Afbeelding
Foto:

De snorder van de duuvel


Het is de eerste week van het nieuwe jaar. Behoedzaam duw ik mijn groen-paarse Rapidootje uit de garage. In de koffer heb ik een pothelmpje verstopt. Immers Buur mag niet zien dat ik overstag ben gegaan en een noodgedwongen knieval maak voor de grillen van Rutte 3. Net uit het zicht open ik de koffer en zet de helm op. 

‘Maggies buur, wat eaw jie dan op?’, klinkt het uit het niets. Ik krijg bijna een hartverzakking. Buur schatert het uit. 

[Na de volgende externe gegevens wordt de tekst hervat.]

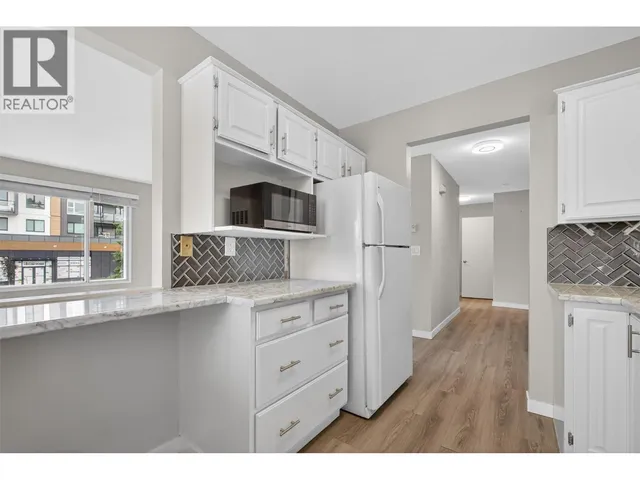 101 - 1610 GORDON DRIVE, Kelowna 2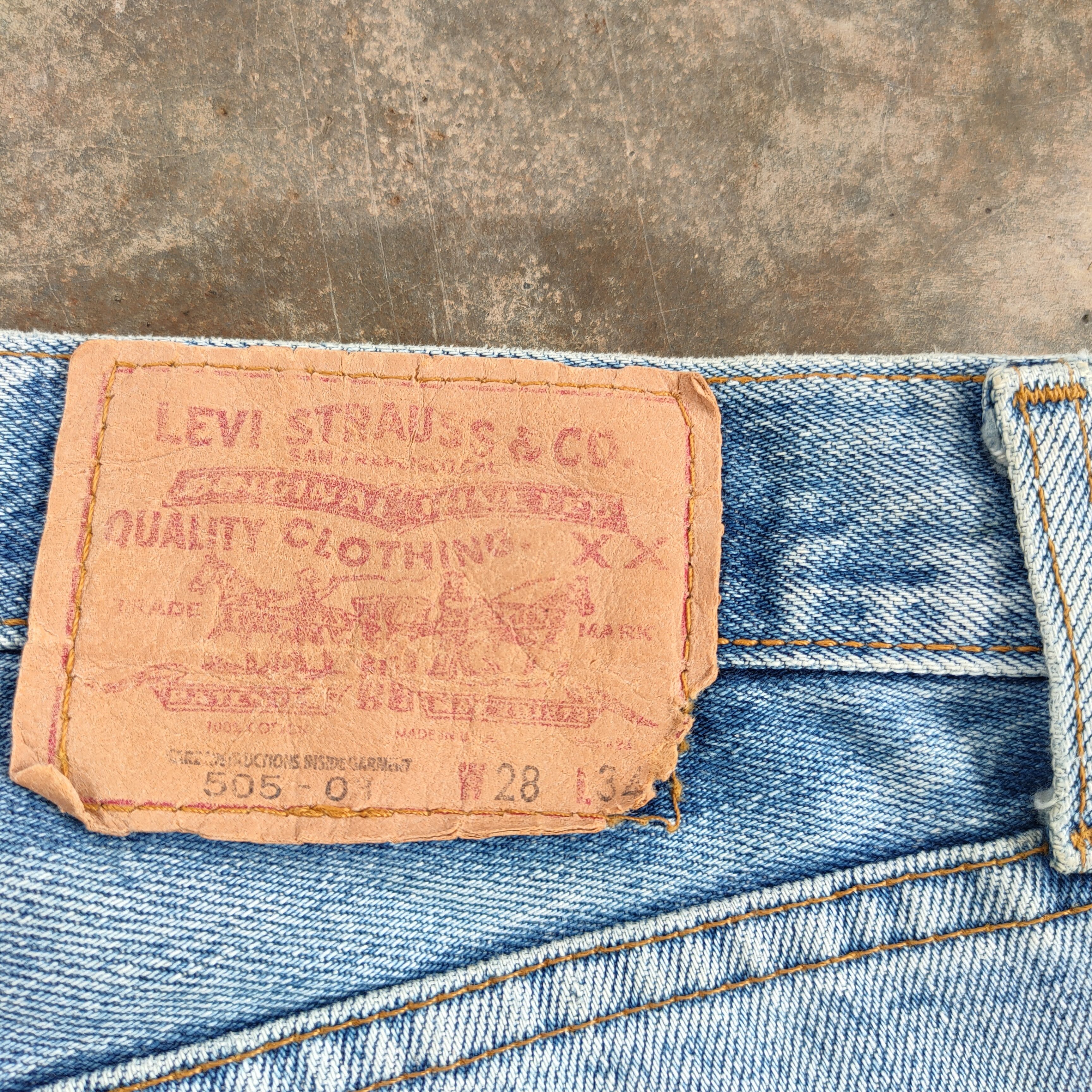 Levi's Vintage Clothing Vintage Levis 505 Faded Distressed denim jeans pants Size US 28 / EU 44 - 13 Thumbnail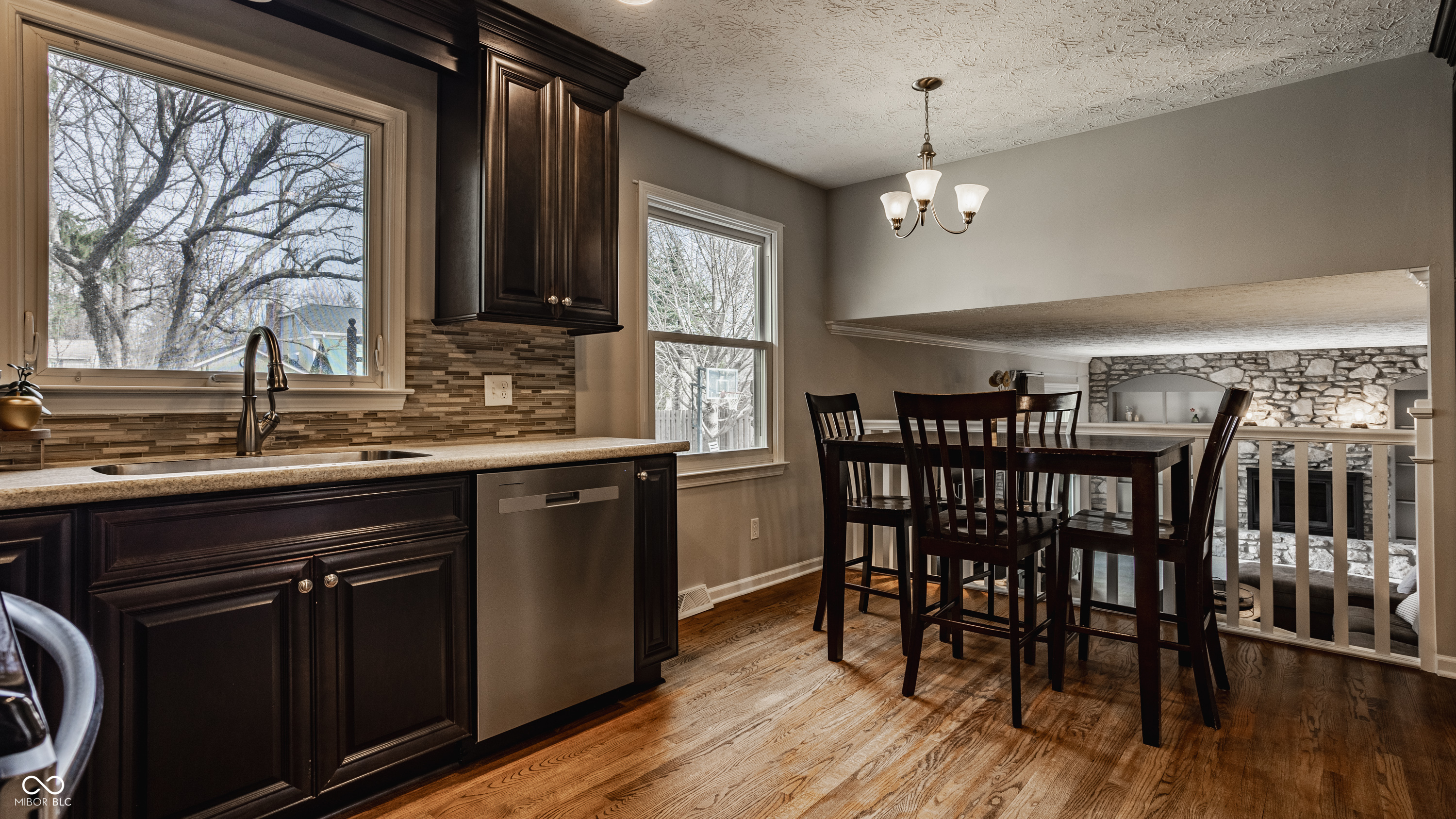 4528 Brookshire Parkway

‘Een ellem!’, hikt hij, ‘In wat vor iene’. 

‘Goan jie gien ellem opzetten, dan?’, vraag ik geërgerd. 

‘Verachies niet!’, zegt Buur, ‘Meen snorder et een oranje ploatjen. Ik eaw in gien dartig joar een ellem oeven dragen in dus nou ok niet! Ofspraak is ofspraak.’

Die middag sta ik voor het keukenraam. Met het water in de mond rol ik een flinke beenham door de marinade. Buiten schuift Buur zijn Citta uit de schuur. Ik gniffel onwillekeurig. Buur wordt wel ouder maar niet wijzer. Als de Citta er aan te pas komt, dan is hij op ramkoers. Het is echt een beetje zijn troetelding. Hij heeft hem zelfs een koosnaampje gegeven, dat alles te maken heeft met de titel en daarom niet geschikt is voor de krant. 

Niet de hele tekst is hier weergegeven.